## WORK REQUIRED
Return the data that follows exactly as it appears. Pictures do not belong in the copy.

SUPPLIED RECORDS below:

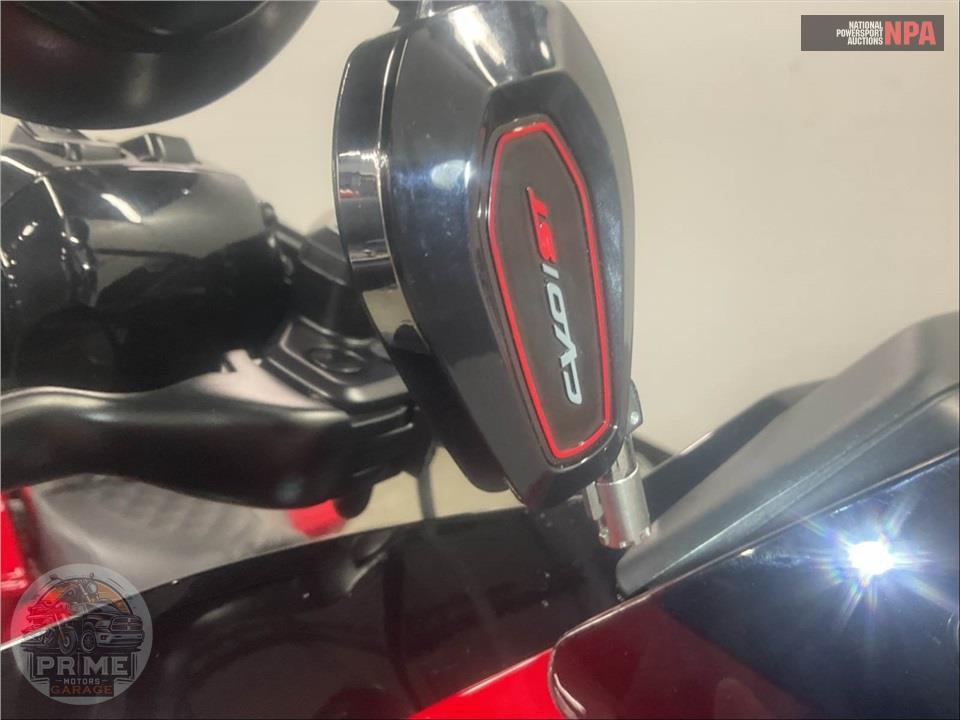 2025 Harley-Davidson FLTRXSTSE CVO ROAD GLIDE ST — фото 10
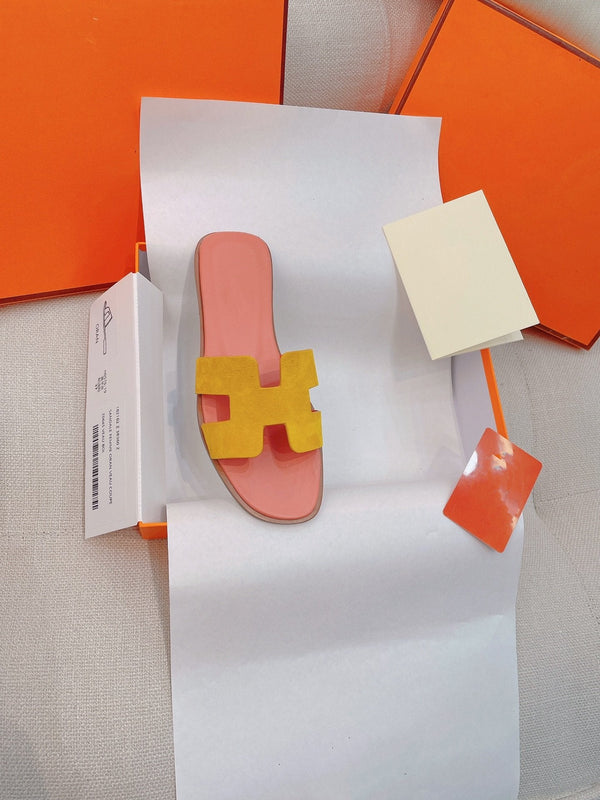 Sandalo 0ran in pelle scamosciata rosa chiaro/giallo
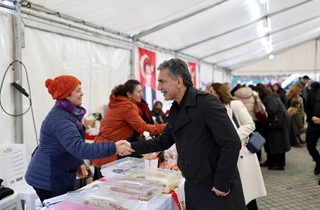 Gemlik’te Yılbaşı Meydanı Açıldı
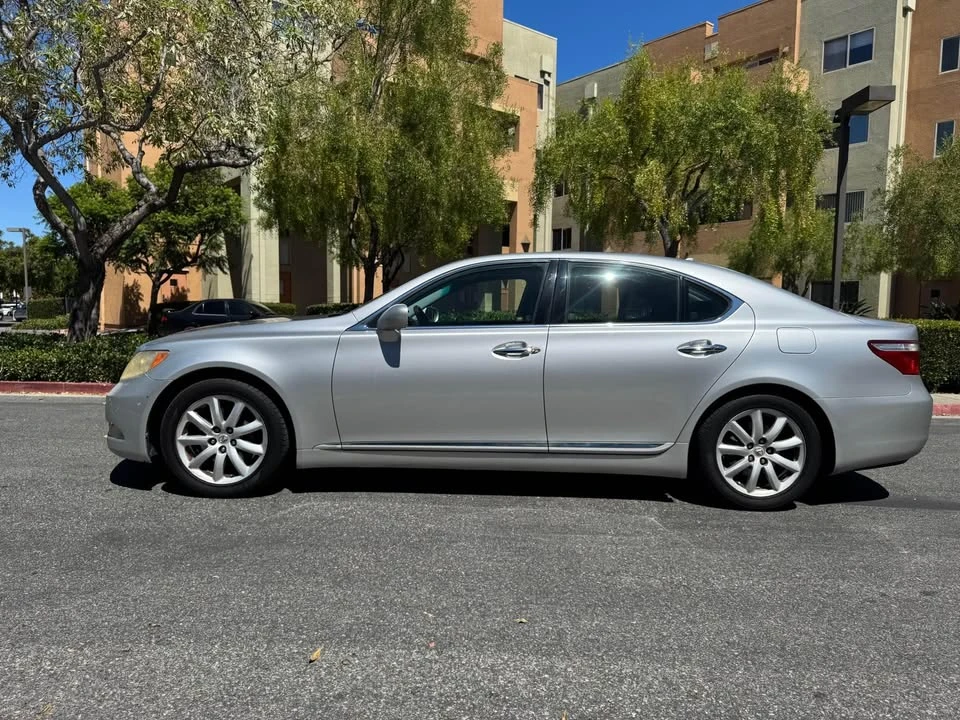 2007 Lexus LS 4th Gen - Image 5 of 6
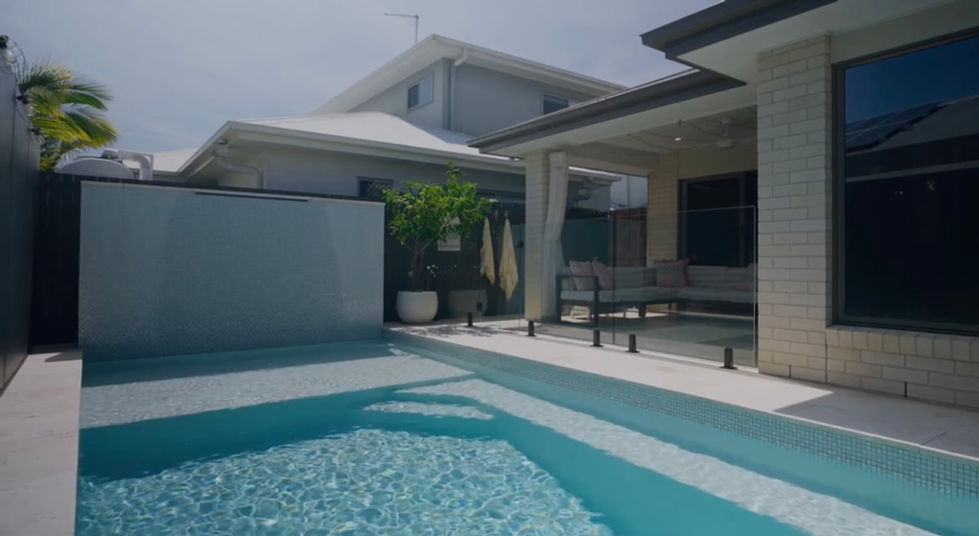 Pool with water feature Caloundra 4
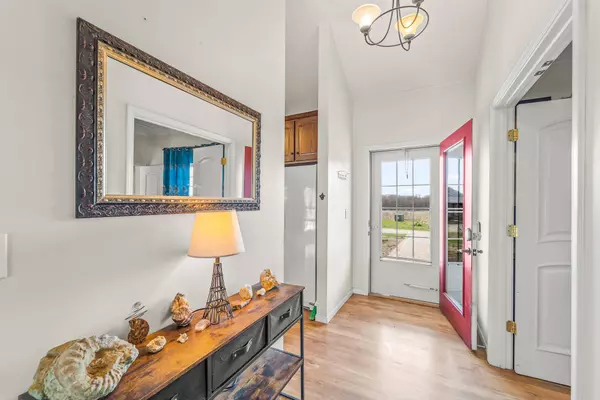 392 State highway cc, Wellsville, MO 63384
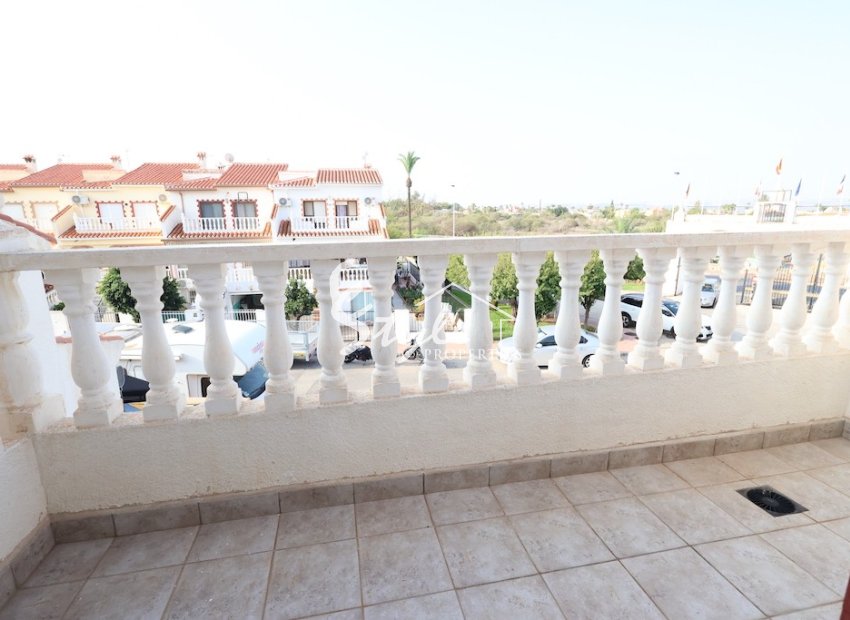 Buy semidetached house with garden and pool in Torrevieja, Torrealmendros. ID 6230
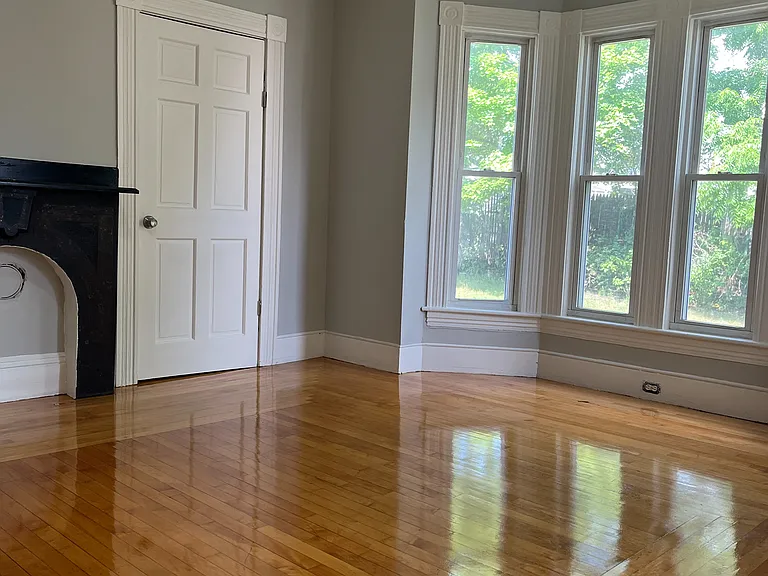 343 Manchester St #1 — Photo 2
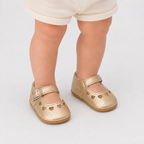 Chaussures premiers pas bébé fille dorées à bride boucle et découpes cœur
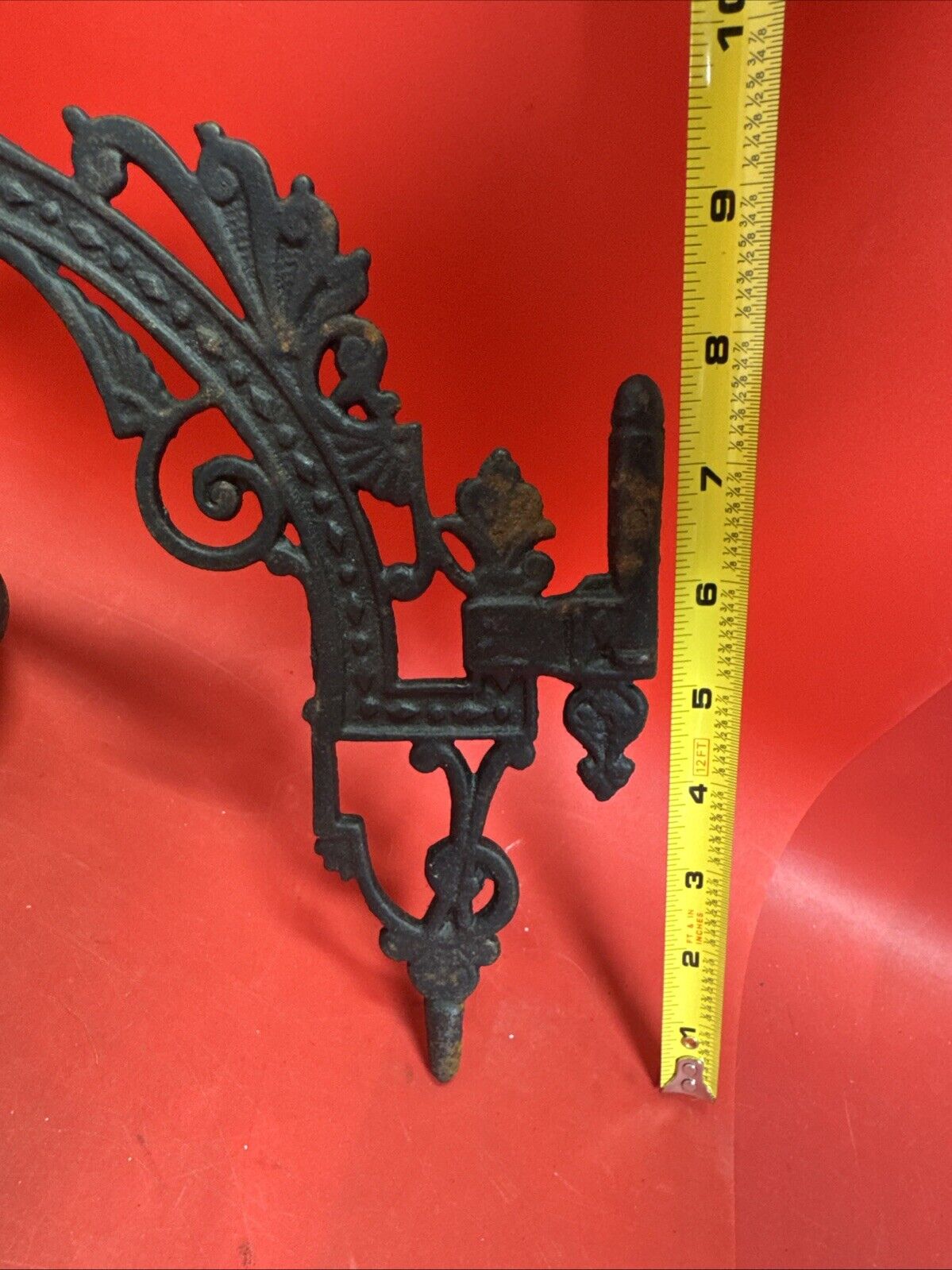 EARLY AMERICAN VICTORIAN STYLE 11 INCH CAST-IRON WALL BRACKET FOR OIL LAMPS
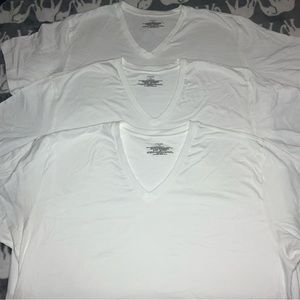 NEW 3 CALVIN KLIEN white mens tee shirt.  Size L.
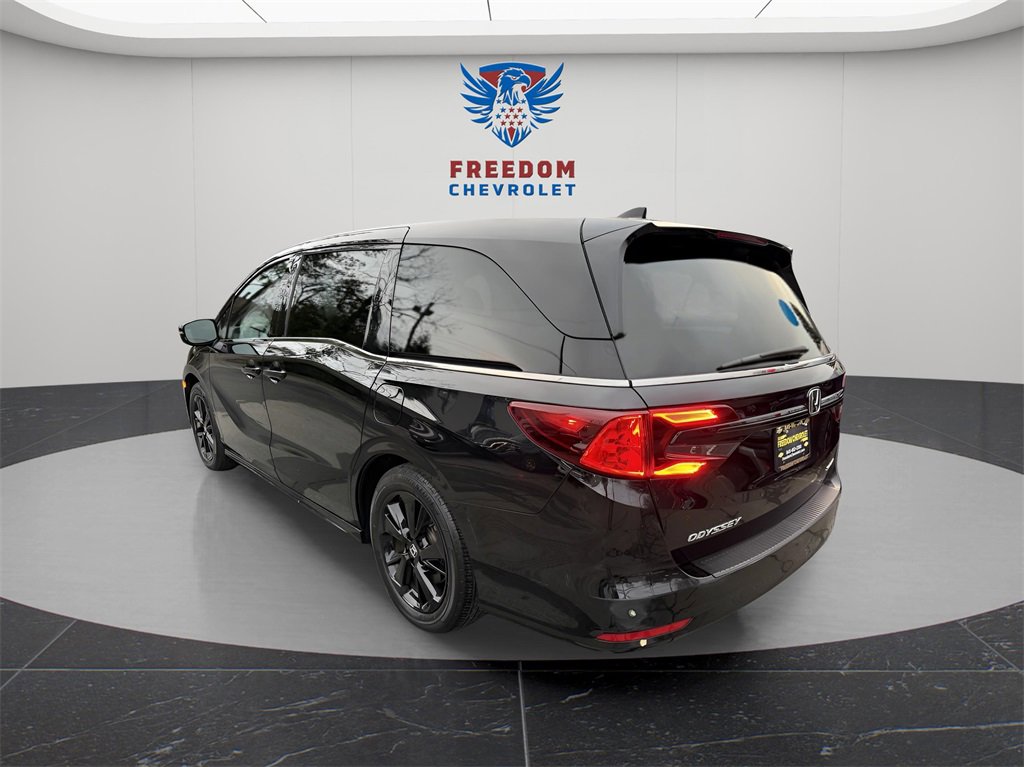 2023 Honda Odyssey Sport photo 3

End of SUPPLIED RECORDS.

## ANSWER BELOW
 2025 Harley-Davidson FLTRXSTSE CVO ROAD GLIDE ST — фото 10
 Sandalo 0ran in pelle scamosciata rosa chiaro/giallo
 Gemlik’te Yılbaşı Meydanı Açıldı
 2007 Lexus LS 4th Gen - Image 5 of 6
 Pool with water feature Caloundra 4
 392 State highway cc, Wellsville, MO 63384
 Buy semidetached house with garden and pool in Torrevieja, Torrealmendros. ID 6230
 343 Manchester St #1 — Photo 2
 Chaussures premiers pas bébé fille dorées à bride boucle et découpes cœur
 EARLY AMERICAN VICTORIAN STYLE 11 INCH CAST-IRON WALL BRACKET FOR OIL LAMPS
 NEW 3 CALVIN KLIEN white mens tee shirt.  Size L.
 2023 Honda Odyssey Sport photo 3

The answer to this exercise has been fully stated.